START DATA

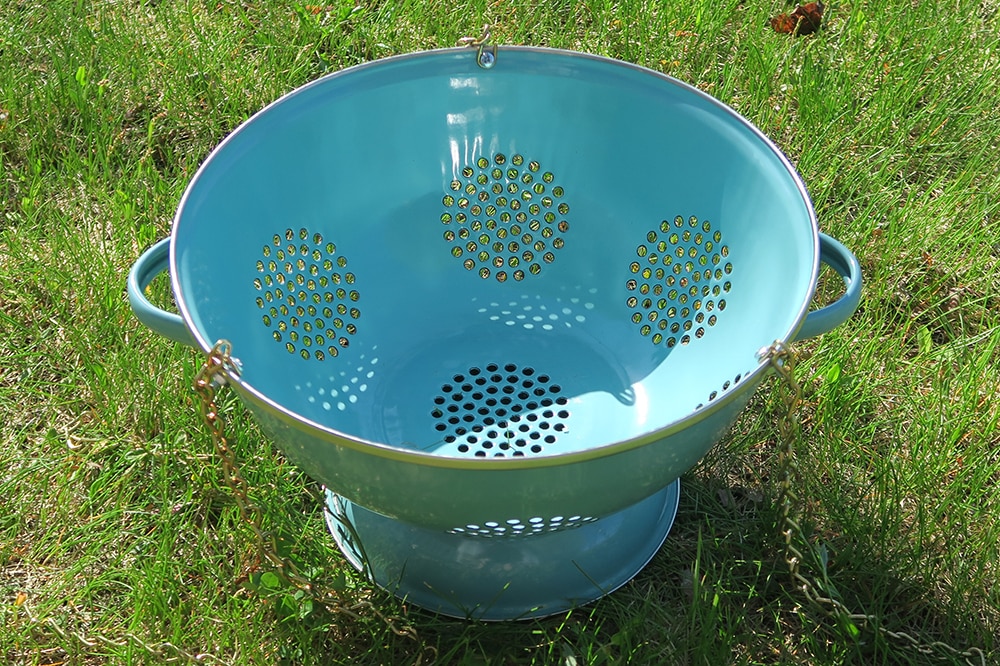 Container gardening just got more fun! With just a few supplies, you can turn a simple kitchen utensil into a unique DIY Hanging Colander Planter.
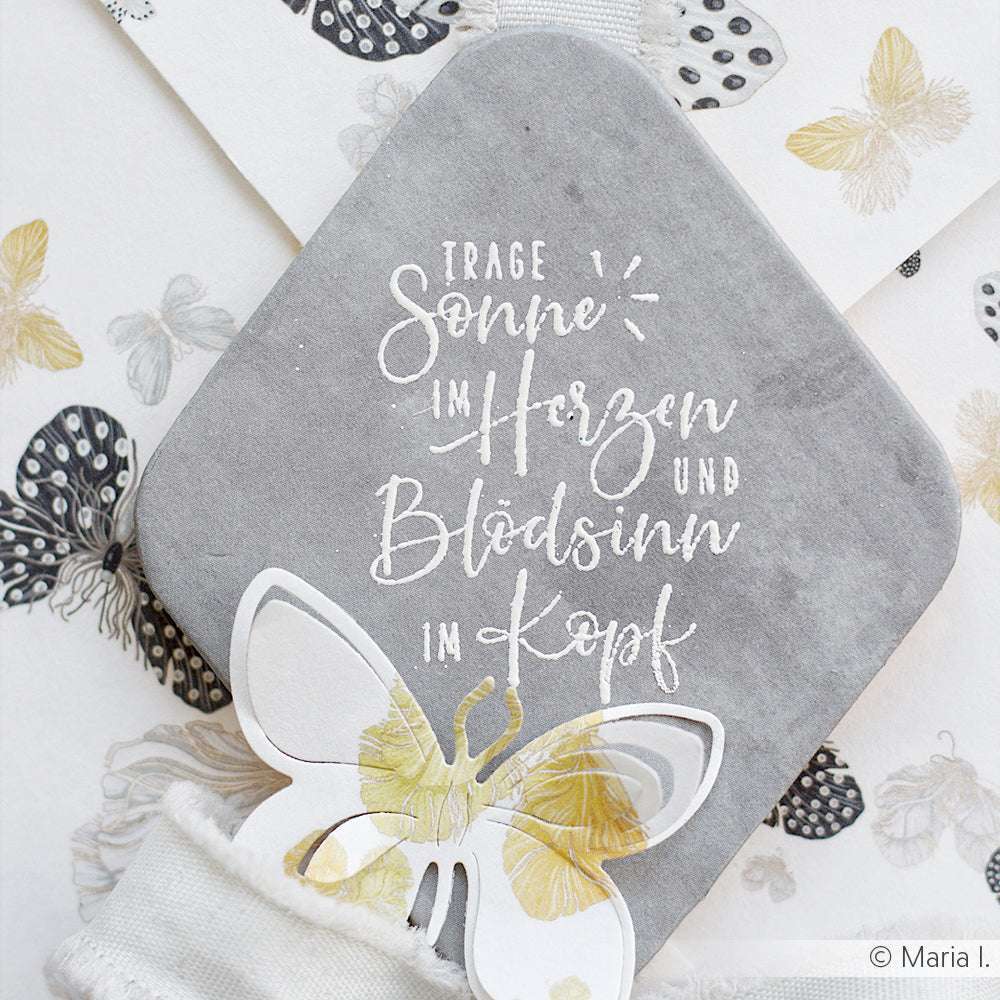 Eine graue Karte mit deutschem Text und einem Schmetterlingsausschnitt, der mit Schmetterlingsmotiven verziert ist, passt hervorragend zu einem hochwertigen Alexandra Renke Stempel Sonne im Herzen" aus Holz und sorgt für einen eleganten Touch.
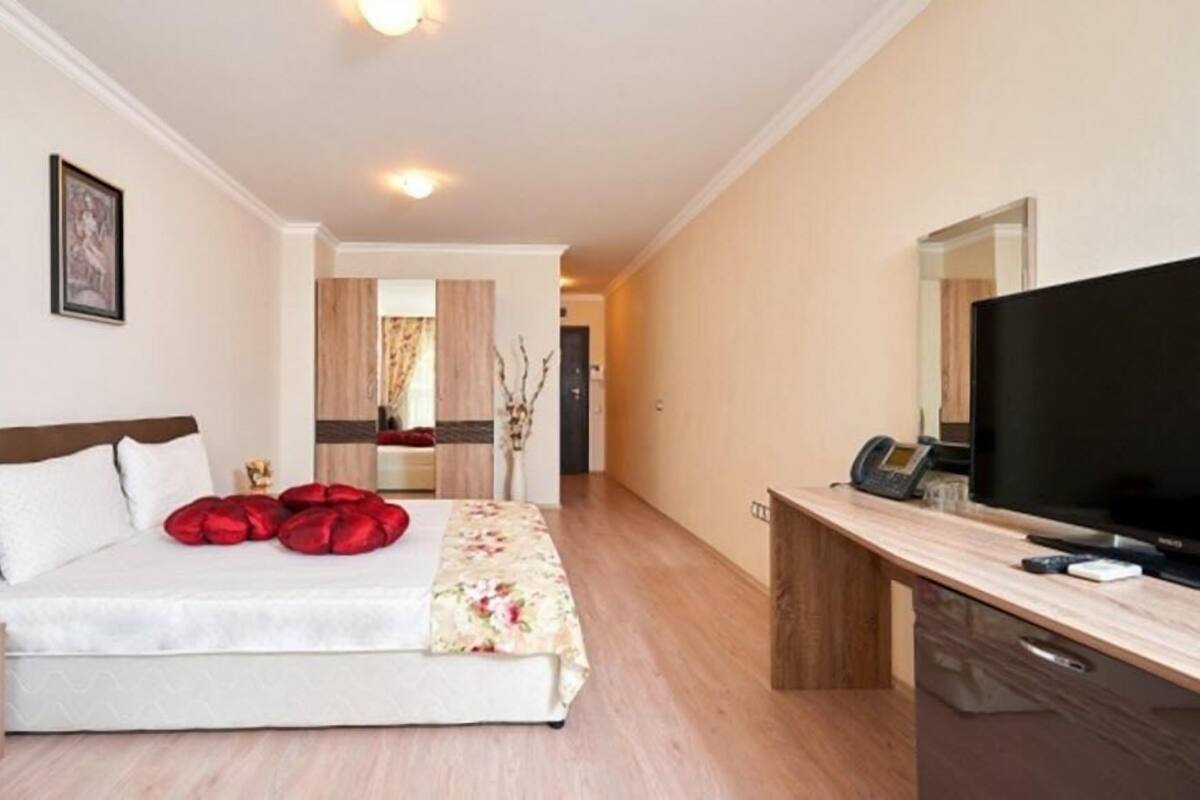 A hotel room with a bed, a desk with a flat-screen TV, and a mirror.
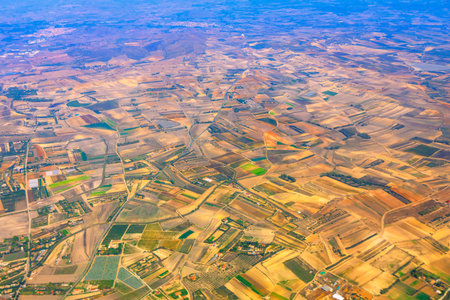Aerial photo shows a patchwork of agricultural fields found in Spain. The landscape is a mosaic of different colored crops and barren landの写真素材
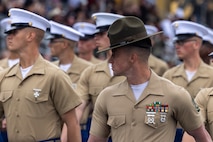 U.S. Marines from Mike Company, 3rd Recruit Training Battalion, march across the parade deck during their graduation ceremony at Marine Corps Recruit Depot San Diego, California, April 12, 2024. Graduation took place at the completion of the 13-week transformation, which included training for drill, marksmanship, basic combat skills, and Marine Corps customs and traditions. (U.S. Marine Corps photo by Cpl. Alexander O. Devereux)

END DATA

**TASK GOAL**
Reproduce the data above verbatim, minus any images.

**EXERCISE RESULT**
 Container gardening just got more fun! With just a few supplies, you can turn a simple kitchen utensil into a unique DIY Hanging Colander Planter.
 Eine graue Karte mit deutschem Text und einem Schmetterlingsausschnitt, der mit Schmetterlingsmotiven verziert ist, passt hervorragend zu einem hochwertigen Alexandra Renke Stempel Sonne im Herzen" aus Holz und sorgt für einen eleganten Touch.
 A hotel room with a bed, a desk with a flat-screen TV, and a mirror.
Aerial photo shows a patchwork of agricultural fields found in Spain. The landscape is a mosaic of different colored crops and barren landの写真素材
 U.S. Marines from Mike Company, 3rd Recruit Training Battalion, march across the parade deck during their graduation ceremony at Marine Corps Recruit Depot San Diego, California, April 12, 2024. Graduation took place at the completion of the 13-week transformation, which included training for drill, marksmanship, basic combat skills, and Marine Corps customs and traditions. (U.S. Marine Corps photo by Cpl. Alexander O. Devereux)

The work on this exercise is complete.